[Action item]: Output what the records say, word for word, with no images.

[Supplied material]:
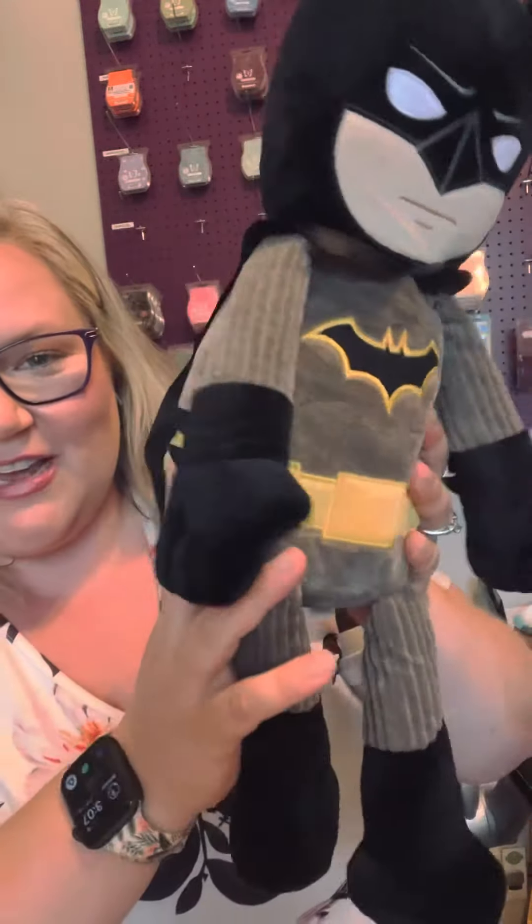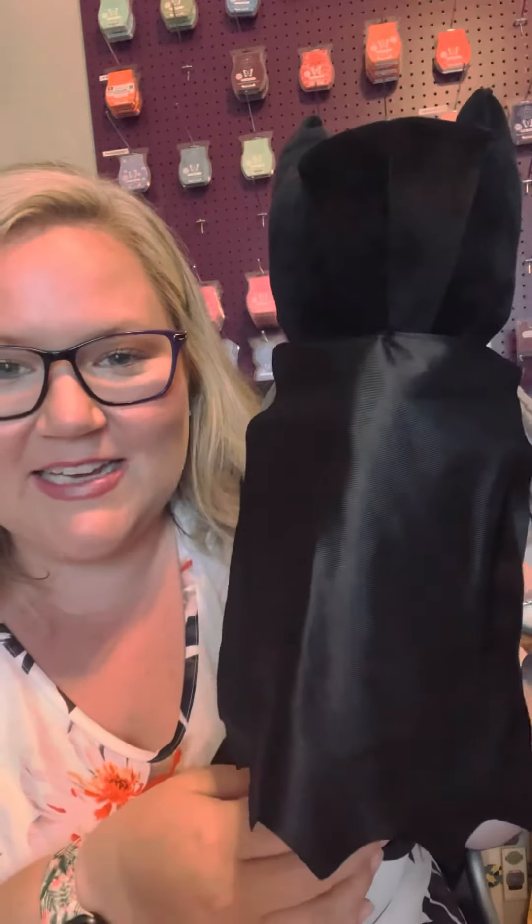So go get them right away. You can find them on my website at shelbymariewinkle.scentsy.us. Or you can comment and I can send you a link and help you place an order.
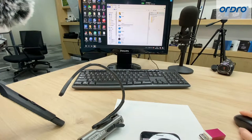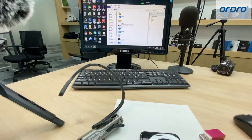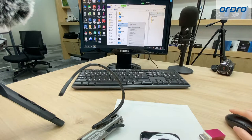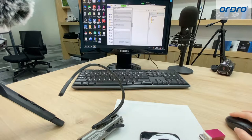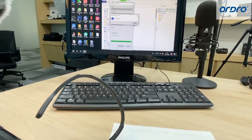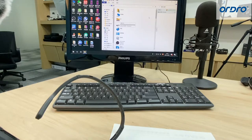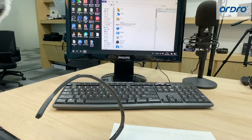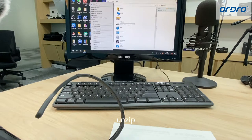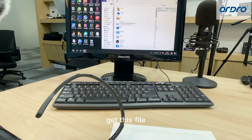You can find your portable drive on your computer. Then right-click and format it. Open the format dialog and format it. Then unpack the upgrade package on your computer and get the firmware file.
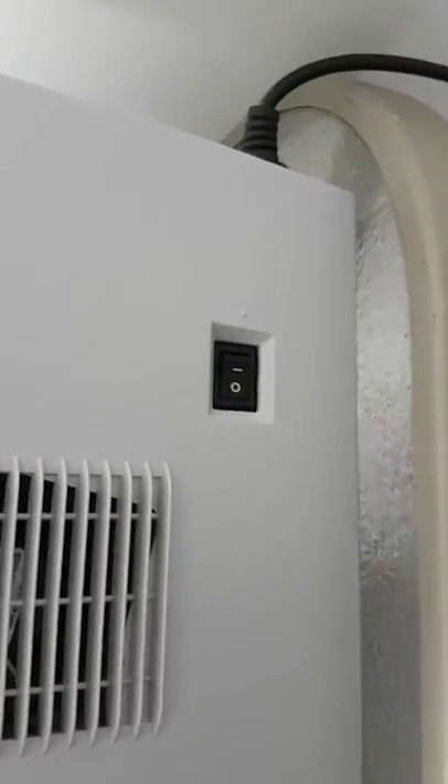Frederica, so the power switch is over this side. This rocker switch here — turn it on.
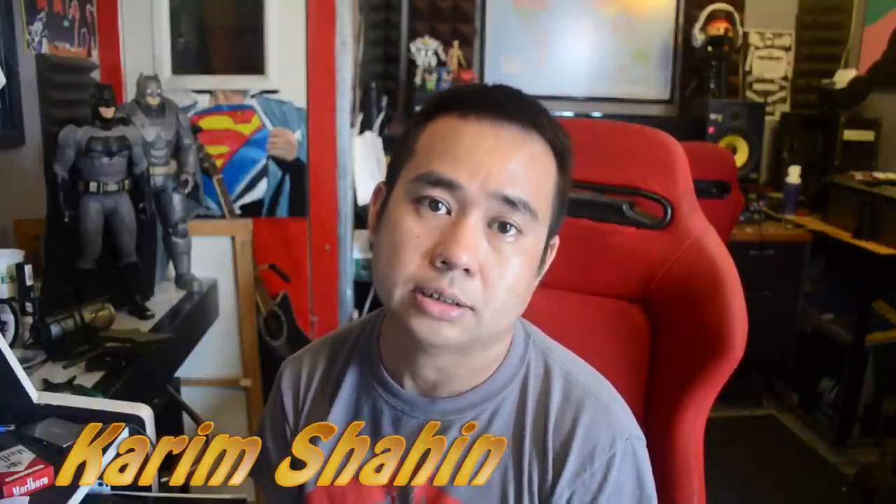Today's shout out goes to Family First J — he's been a subscriber of mine since the beginning, since before I even did cosplay. I also want to give a shout out to Michael G, he's been very active on my channel. And a YouTube shout out to Kareem Shahan — he asked for this video as I was working on it, so we're on the same wavelength.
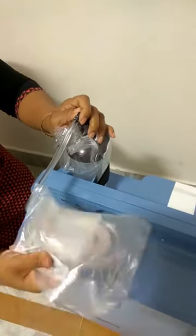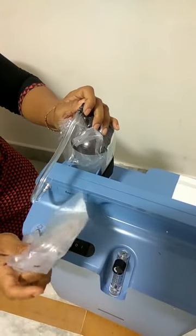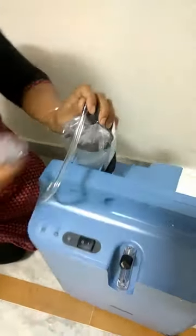This is the oxygen cannula. One end will go to the patient's nose, and the other end you need to connect with the humidifier bottle.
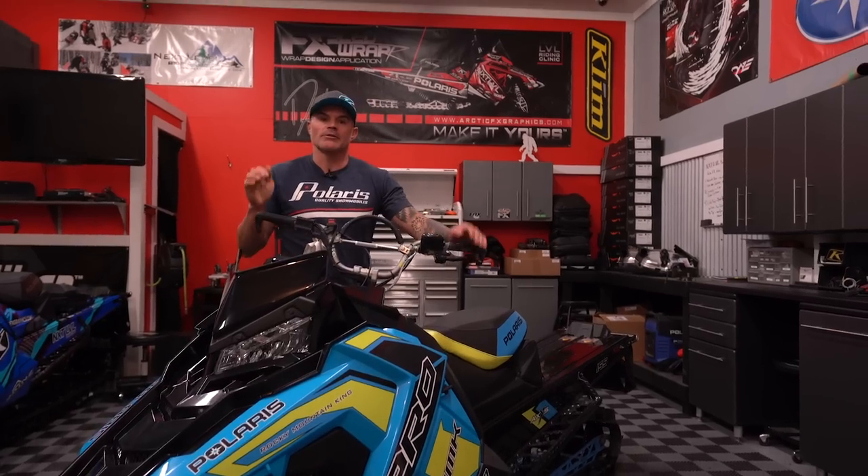Throughout the years, my guys and I here at Next Level have built and ran so many 800 RMKs through the shop. We'd love to hear from you guys — your questions, your comments about this snowmobile, please leave those in the comments below. Remember, support the channel by subscribing. We appreciate all of the support so far. We'll see you next time.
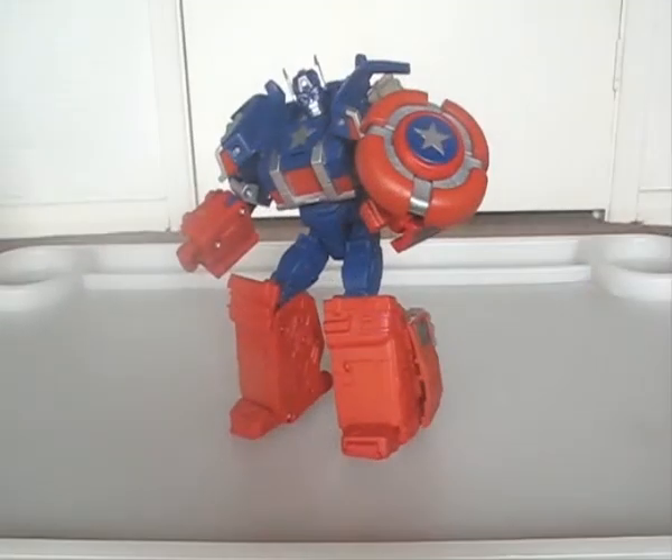If the colour layout wasn't so bad in vehicle mode, I'd recommend this figure a bit higher. As is, he's merely okay. At least he's not the garish mess that Thor is. It's back to the Revenge of the Fallen figures next time, with Breakaway. Until then, till all are one.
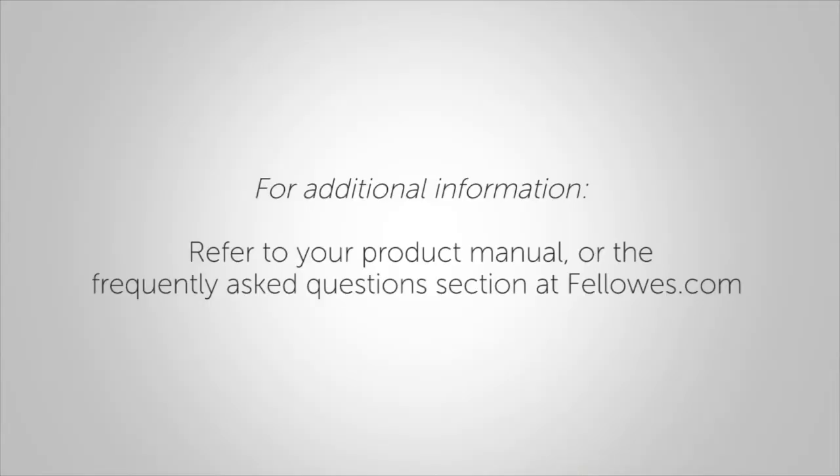For additional information on our Proteus Laminator, please refer to your product manual or see the Frequently Asked Questions section at fellowes.com.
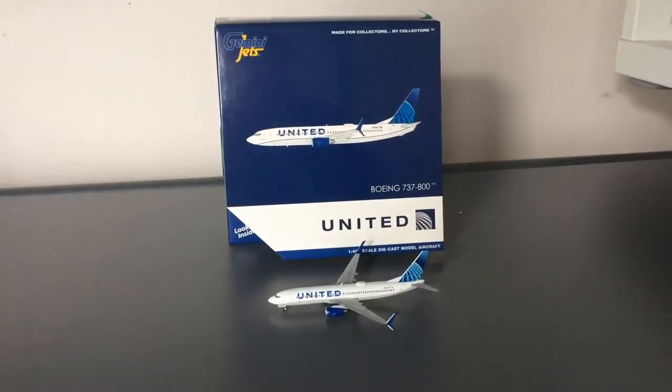My final thoughts on this model: this is a phenomenal model by Gemini Jets. Gemini Jets sometimes disappoints me and sometimes makes me really happy — this is one of those moments that makes me really, really happy that I'm a Gemini Jets and diecast model collector. Would I suggest you get it if you have the chance and the money? Yes, I do. The only place I was able to find this was on Waffle Collectibles, which had a very reasonable price for it — $39. I'll link their eBay and their store down in the description.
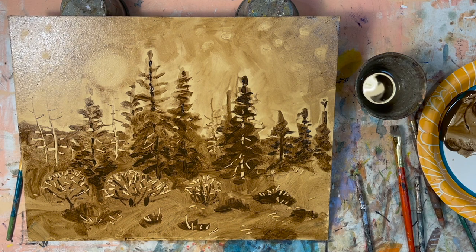That is it for this session. I will come back in a few days after this is dry and do some color glazing, and it'll be a lot of fun — it'll completely transform the painting. Watch for that video, thanks for watching, bye.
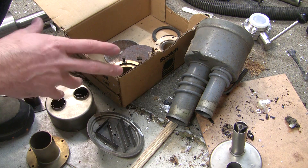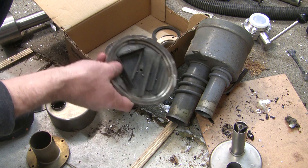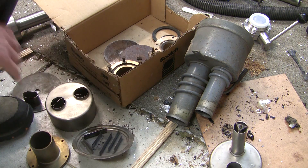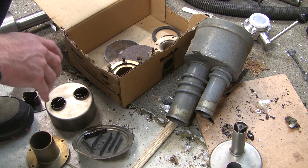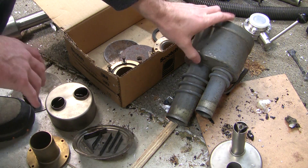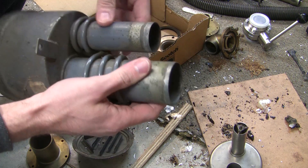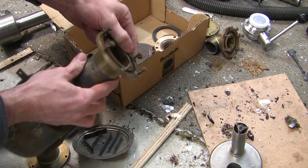He thinks he bought it at a clearing sale or an auction. When he got it, the inside was all full of black burnt-on crap - it sounds like either the oil was never changed, or someone exposed it to air while it was hot, and of course that burns everything. I'm pretty sure it's just steel, which I'm hoping it is, because I'm going to TIG weld some fittings onto the top here. The original fittings are these brass jobbies that were soldered on.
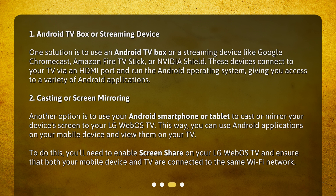2. Casting or Screen Mirroring: Another option is to use your Android smartphone or tablet to cast or mirror your device's screen to your LG WebOS TV. This way, you can use Android applications on your mobile device and view them on your TV. To do this, you'll need to enable Screen Share on your LG WebOS TV and ensure that both your mobile device and TV are connected to the same Wi-Fi network.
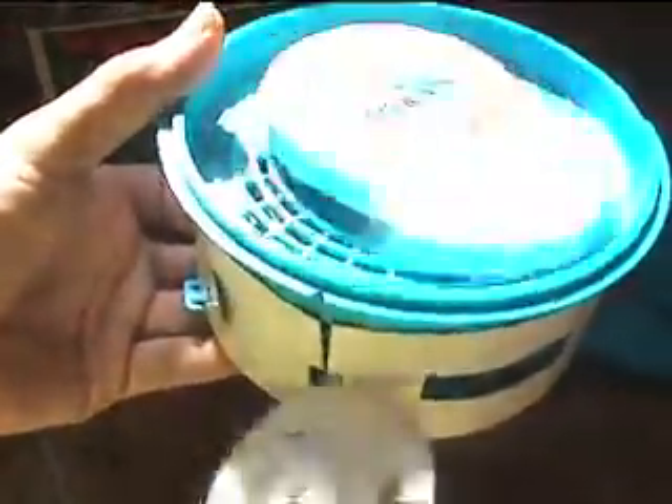Here is a turkey. You can see the mechanism inside there. Here is a duck. Very interesting mechanism. This is a dog. This is a pig.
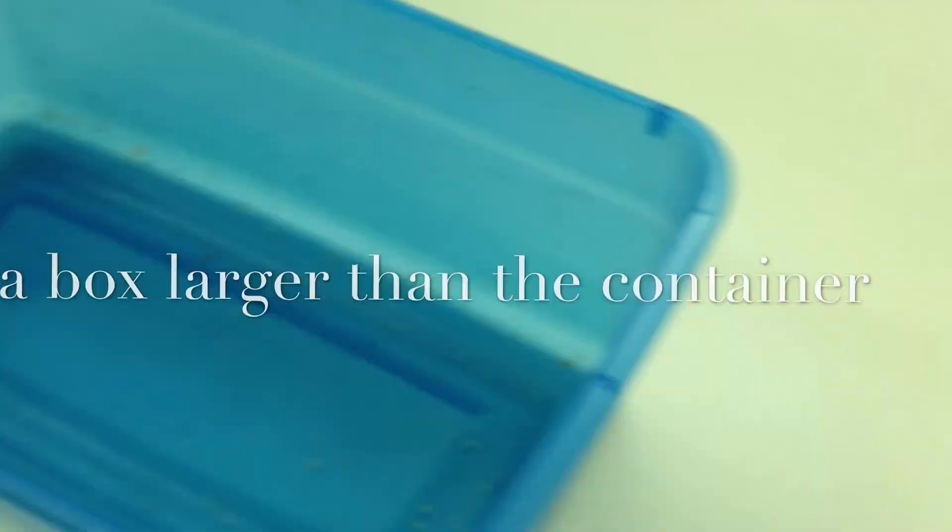When you receive it, find yourself a larger container like this. Here I use a shoebox I have. Anything you have, it must be larger than the container it comes with. Open the lid and pull everything out.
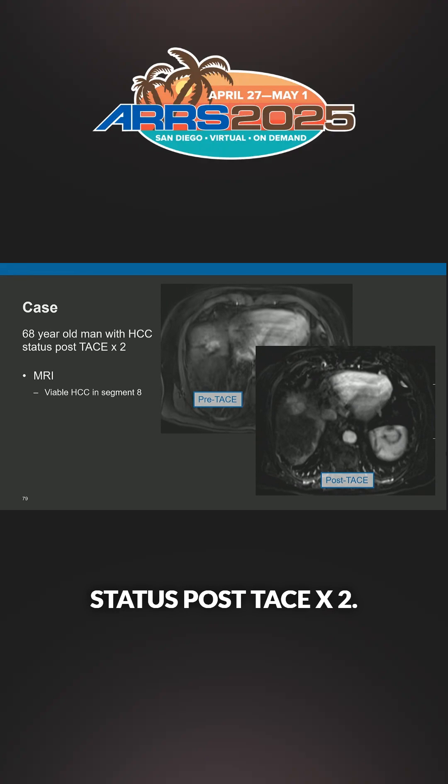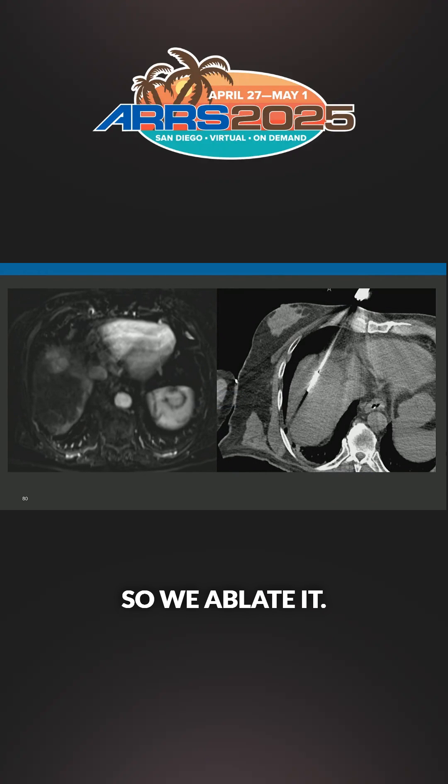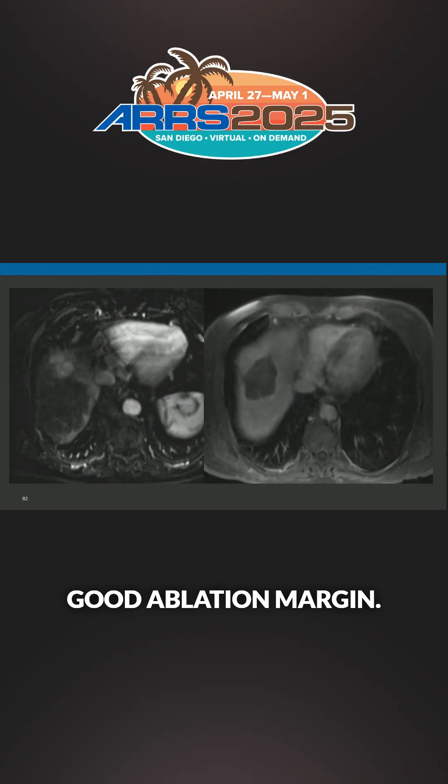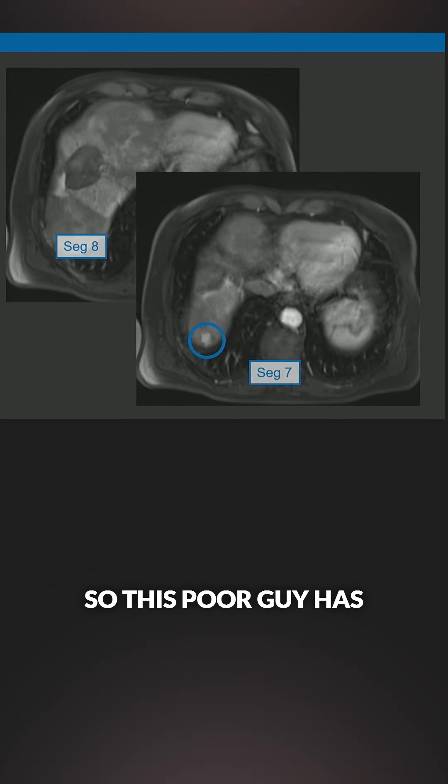68-year-old man with HCC, status post ablation times two. He has residual disease, so we ablate it. Good ablation margin. This poor guy now has another HCC back in segment seven — segment eight looks good.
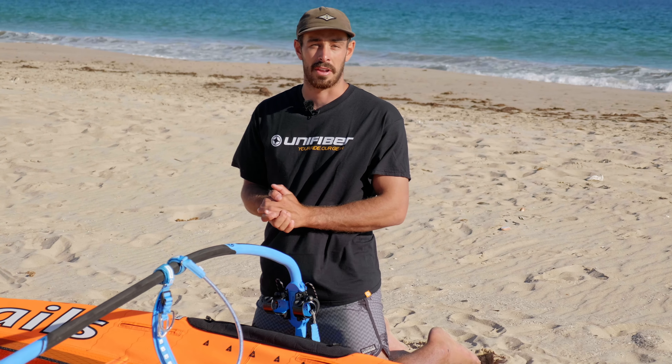So guys, nice and simple, that's about it for attaching your modular boom head to the mast. We hope you enjoyed this video and we'll see you in the next one.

[Answer for this exercise]:
So go get them right away. You can find them on my website at shelbymariewinkle.scentsy.us. Or you can comment and I can send you a link and help you place an order.
You can find your portable drive on your computer. Then right-click and format it. Open the format dialog and format it. Then unpack the upgrade package on your computer and get the firmware file.
Frederica, so the power switch is over this side. This rocker switch here — turn it on.
Today's shout out goes to Family First J — he's been a subscriber of mine since the beginning, since before I even did cosplay. I also want to give a shout out to Michael G, he's been very active on my channel. And a YouTube shout out to Kareem Shahan — he asked for this video as I was working on it, so we're on the same wavelength.
This is the oxygen cannula. One end will go to the patient's nose, and the other end you need to connect with the humidifier bottle.
Throughout the years, my guys and I here at Next Level have built and ran so many 800 RMKs through the shop. We'd love to hear from you guys — your questions, your comments about this snowmobile, please leave those in the comments below. Remember, support the channel by subscribing. We appreciate all of the support so far. We'll see you next time.
If the colour layout wasn't so bad in vehicle mode, I'd recommend this figure a bit higher. As is, he's merely okay. At least he's not the garish mess that Thor is. It's back to the Revenge of the Fallen figures next time, with Breakaway. Until then, till all are one.
For additional information on our Proteus Laminator, please refer to your product manual or see the Frequently Asked Questions section at fellowes.com.
My final thoughts on this model: this is a phenomenal model by Gemini Jets. Gemini Jets sometimes disappoints me and sometimes makes me really happy — this is one of those moments that makes me really, really happy that I'm a Gemini Jets and diecast model collector. Would I suggest you get it if you have the chance and the money? Yes, I do. The only place I was able to find this was on Waffle Collectibles, which had a very reasonable price for it — $39. I'll link their eBay and their store down in the description.
That is it for this session. I will come back in a few days after this is dry and do some color glazing, and it'll be a lot of fun — it'll completely transform the painting. Watch for that video, thanks for watching, bye.
He thinks he bought it at a clearing sale or an auction. When he got it, the inside was all full of black burnt-on crap - it sounds like either the oil was never changed, or someone exposed it to air while it was hot, and of course that burns everything. I'm pretty sure it's just steel, which I'm hoping it is, because I'm going to TIG weld some fittings onto the top here. The original fittings are these brass jobbies that were soldered on.
2. Casting or Screen Mirroring: Another option is to use your Android smartphone or tablet to cast or mirror your device's screen to your LG WebOS TV. This way, you can use Android applications on your mobile device and view them on your TV. To do this, you'll need to enable Screen Share on your LG WebOS TV and ensure that both your mobile device and TV are connected to the same Wi-Fi network.
Here is a turkey. You can see the mechanism inside there. Here is a duck. Very interesting mechanism. This is a dog. This is a pig.
When you receive it, find yourself a larger container like this. Here I use a shoebox I have. Anything you have, it must be larger than the container it comes with. Open the lid and pull everything out.
68-year-old man with HCC, status post ablation times two. He has residual disease, so we ablate it. Good ablation margin. This poor guy now has another HCC back in segment seven — segment eight looks good.
So guys, nice and simple, that's about it for attaching your modular boom head to the mast. We hope you enjoyed this video and we'll see you in the next one.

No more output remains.